On 16 May 2017, the Dutch Secretary of Finance released a draft legislative proposal regarding changes to the Dutch dividend withholding tax rules for holding cooperatives and BVs/NVs (the "proposal"). The proposal – subject to public consultation until June 13, 2017 – is largely in line with the dividend withholding tax changes already announced in the letters of the Dutch Secretary of Finance to Dutch Parliament in September 2016 and December 2016. The proposal contains some new aspects in addition to the letter announced earlier. The final version of the proposal is expected to be submitted to Dutch Parliament in September 2017 and could then enter into effect as per 1 January 2018.
In relation to cooperatives, under the proposal only distributions by holding cooperatives will become subject to dividend withholding tax at the standard 15% rate in the same way as distributions by limited liability companies such as the B.V., unless the proposed (extended) exemption from dividend withholding tax applies.

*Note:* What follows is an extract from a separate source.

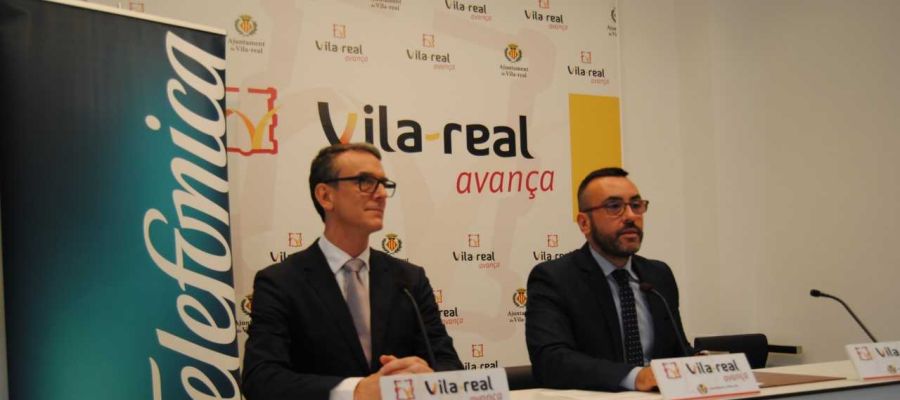 El alcalde José Benlloch junta,amb el director de servicis diritals de Telefònica Bruno Vilarasau. El alcalde José Benlloch junta,amb el director de servicis diritals de Telefònica Bruno Vilarasau.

The dividend withholding tax exemption applies in case of qualifying participations in holding cooperatives and limited liability companies that are part of an active business enterprise of the shareholder/member and not abusive, provided that the shareholder/member is located in an EU/EEA or tax treaty jurisdiction. Shareholders/members located in jurisdictions that are not EU/EEA jurisdictions and with which the Netherlands has only concluded a treaty on the exchange of information or a treaty that does not contain a dividend provision, do not qualify for purposes of the proposed dividend withholding tax exemption.
To avoid tax driven structures without substance in the applicable jurisdictions, the proposal introduces anti-abuse rules. As the implications of this anti-abuse rules can be substantial, we advise to discuss the possible effects with your tax advisor.